Problem requirements: Take the line that contains "Immunohistochemistry - Anti-CD5" and each line after it to the end of the material below, and return them exactly, minus the pictures.
-.-.-
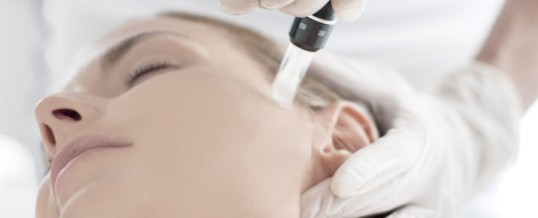 Why Microneedling Is the Next Big Thing in Skin Care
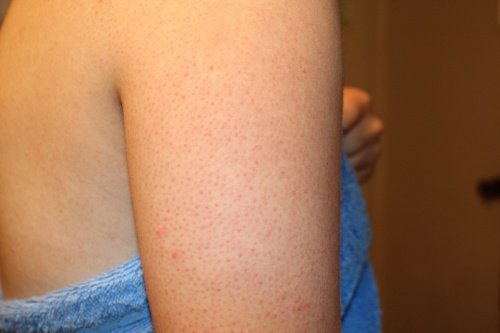 How to Erase Pimples on Your Arms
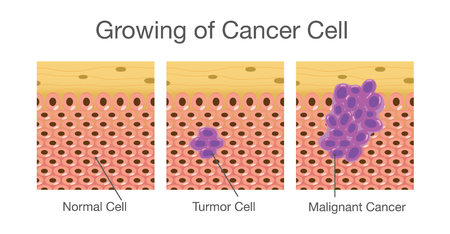 Growing of cancer cells in human. Medical illustration.のイラスト素材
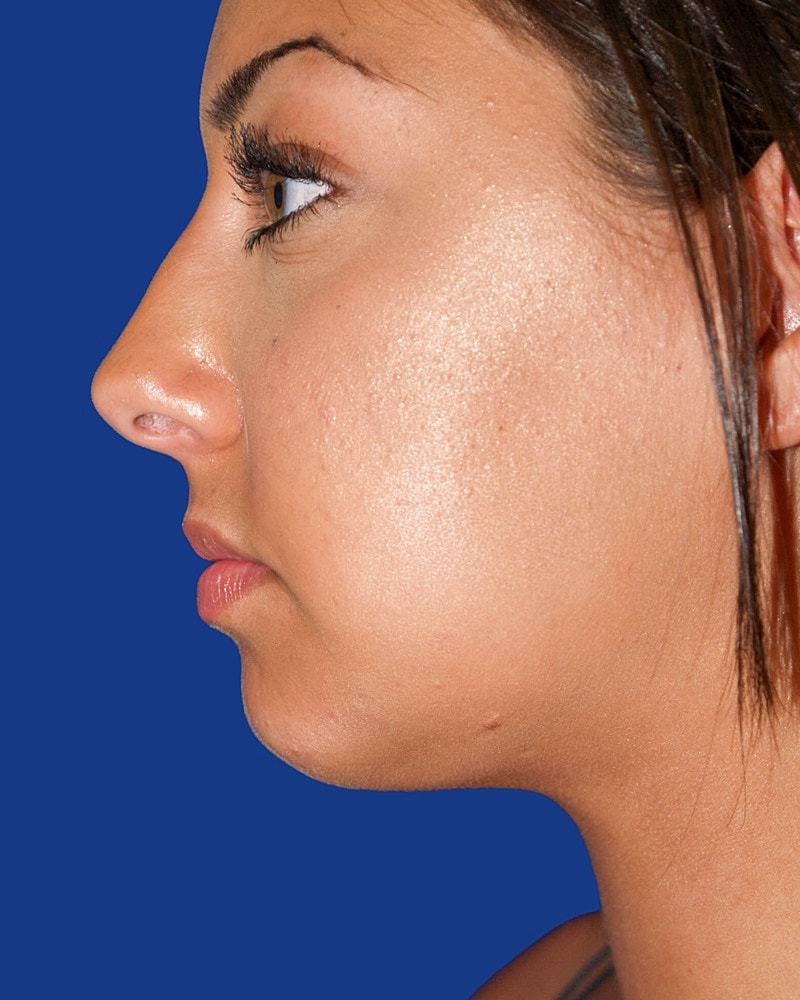 Chin Implant Before & After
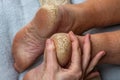 Cracks on the heels of a person& x27;s foot, foot health problems, neglected heel of a person. A doctor examines a Royalty Free Stock Photo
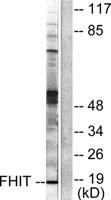 Fhit Polyclonal Antibody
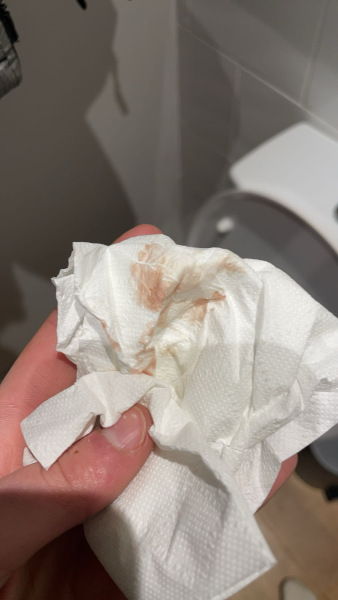 Is this implantation bleeding?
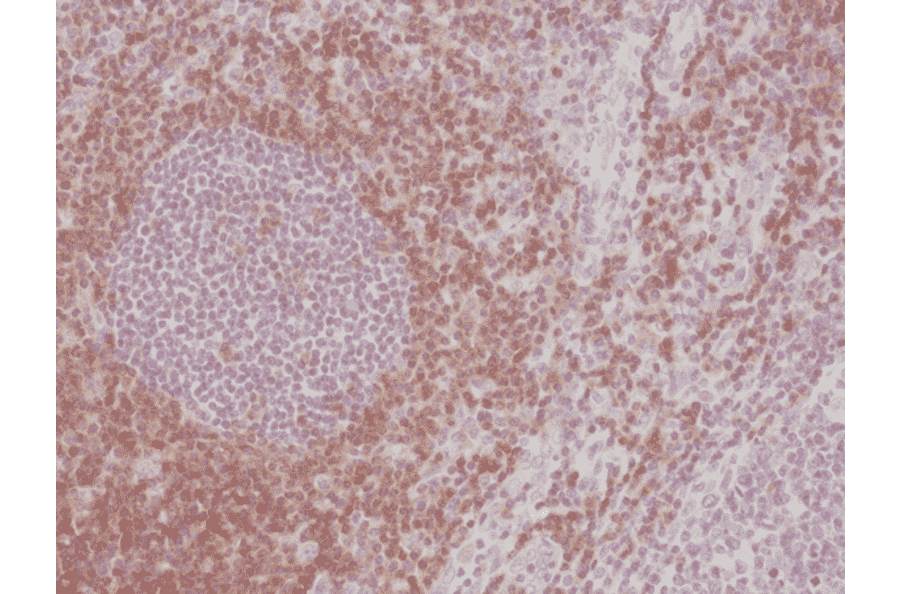 Immunohistochemistry - Anti-CD5 Antibody [RM354] (A121464) - Antibodies.com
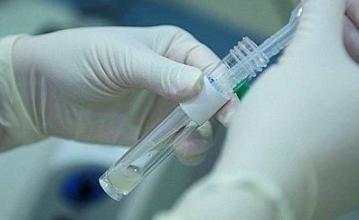 檢測(cè)精子前注意事項(xiàng)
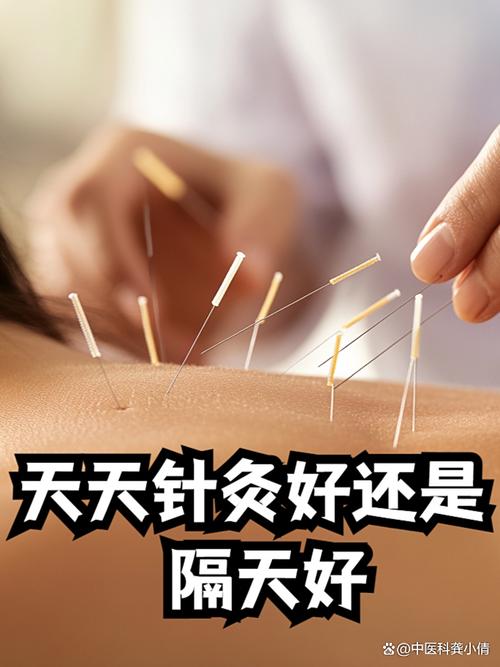 打完穴位打针疼多久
-.-.-
Result of the task:
 Immunohistochemistry - Anti-CD5 Antibody [RM354] (A121464) - Antibodies.com
 檢測(cè)精子前注意事項(xiàng)
 打完穴位打针疼多久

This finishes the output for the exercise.